Mom watched my grandmother and she learned a lot from her. As the years went by, many of Grandma’s masterpieces continued to show up on our family dinner table, even after Dad retired from farming and we moved to “town”, when I was 6 or 7 years old. I remember it like was yesterday. I remember the taste, the texture…and the pleasure of it.

I would sit on the counter, watching my mother prepare meals, peppering her with questions- what’s that, why are you putting this on that, can I have a taste… I made my own little recipe box, to archive my simple creations that I was occasionally allowed to manufacture. Not long ago, a package arrived in the mail at my home; it was that little brown box, the artistry of an enthusiastic child preserved, to be cherished forever.

When I  visit Mom and Dad, we still eat pretty simply. My Dad can’t cook much of anything, so Mom performs every task except Grillmaster.  We eat differently now. They don’t have a garden anymore but what remains consistent is the way we eat when I’m home. It’s good, it’s simple, it’s homemade. I know when I ask, “What’s for dinner?” I already know the answer. “Dad’s picking up a beef tenderloin, we’ll stop by the farmer’s market for some Fincel’s sweet corn…” I’ll challenge anyone on the planet to grow better corn-on-the-cob than these people.

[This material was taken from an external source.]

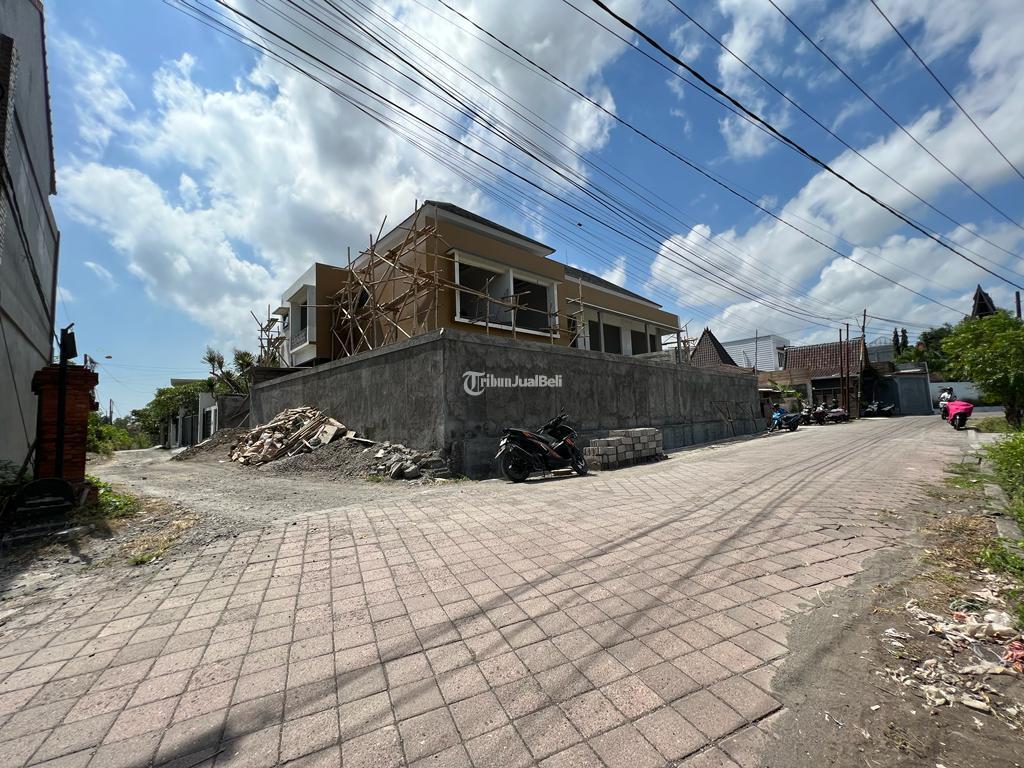 Tanah View Sawah Pererenan Canggu Badung Bali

This is probably less a story about food than it is about authenticity. Mom and Dad have a couple hundred thousand reasons to be pretentious, but I’ve never witnessed it. The way I was raised as a young child, and the way my parents comport themselves to this day, remains authentic. If I can be 1/3 as real as they are, I will have achieved a great success in my life. Mom and Dad know a little something about values like generosity, kindness, civility and honesty, those sadly antiquated notions of what we are supposed to be as a people. The food represented a way of living that I’m so proud to have been a witness to – sturdy, free of pretension, void of facade.

I love food, and one of the great joys I experience in this life is to cook for family and friends, break open the wine, and sit down to a fabulous meal. My skills in the kitchen have evolved over the years, and while I can make a horseradish/parmesan souffle so light it practically floats above the ramekin, and while I can whip up a pretty awesome panko-breaded halibut filet with curry and coconut milk, garnished with a mango/cilantro chutney, I respect and remember the simplicity and pure deliciousness of the food I was raised on.